There is a clear parallel with alcohol, where consumption guidelines have been adopted and widely promulgated that tar even pretty light drinkers with the same brush as those with a major problem. Of course morbid obesity, just like alcoholism, is a serious health issue. But it needs to be tackled through a targeted approach, not by making everyone feel guilty. And nobody who enjoys a few drinks but is currently pointing the finger at the fatties should imagine that their pleasure will be left undisturbed.
Last week, we celebrated the 75th anniversary of VE Day. Throughout the whole of human history, it has only really been in the period since then that most people have easily been able to get enough to eat. Worldwide, there are now more overweight people than malnourished ones. This age of abundance is completely unprecedented , and it’s not surprising that the human race is taking some time to adjust. But, over time, it’s likely that obesity will tend to decline. The rate of obesity has already plateaued or begun to fall in most developed counties, and now there is a strong stigma against being seriously overweight amongst higher income groups. In the future that is likely to spread through the entire population.

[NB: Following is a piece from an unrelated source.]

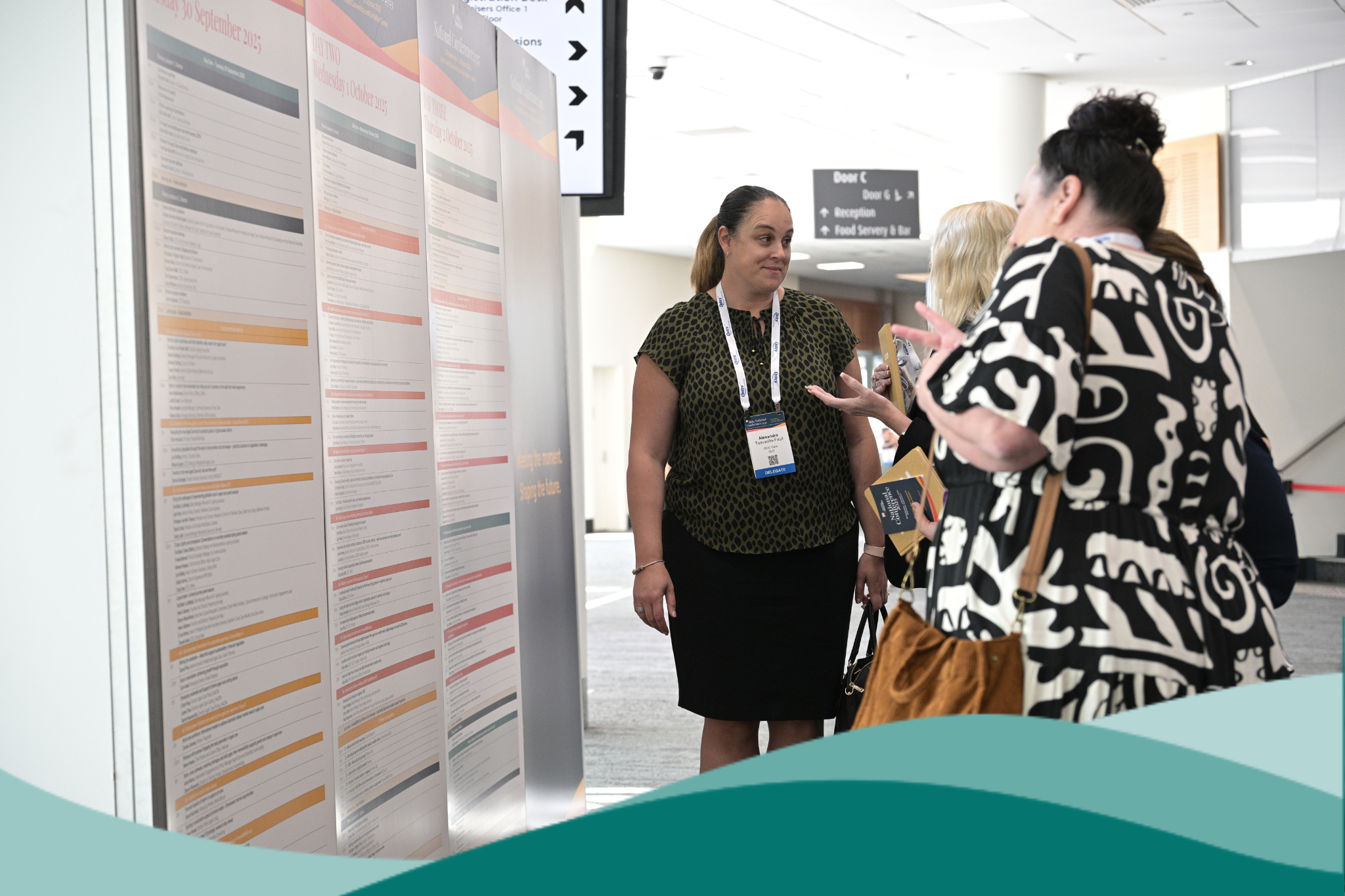 2025 National Conference 3 People Infront of Program Board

It has to be questioned what right the State has to seek to control the behaviour of adults purely for their own good. As the great philosopher of liberty John Stuart Mill said, “The only purpose for which power can be rightfully exercised over any member of a civilised community, against his will, is to prevent harm to others.”

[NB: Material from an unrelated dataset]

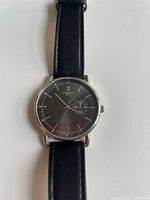 Close-up of the watch face showing dark dial, silver hands, hour markers, and subdial.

Against this argument is inevitably set the burden put on the NHS – and thus on taxpayers – by health problems arising from obesity. But it’s important to remember that the NHS was created to serve the people, not the other way round. The social compact on which it is founded depends on the assumption that people are fallible human beings, not saints, and it will be there for them whatever the cause of their illness. If we start making a distinction between the deserving and the undeserving sick we embark on a dangerous slippery slope. And it should always be remembered that, in terms of whole life healthcare costs, it is actually the clean-living who live into extreme old age who end up costing the public purse more.
So my prediction is that any “war on obesity” started by the government will be largely ineffective, will get a lot of people’s backs up, and will create a whole raft of unintended and undesirable consequences.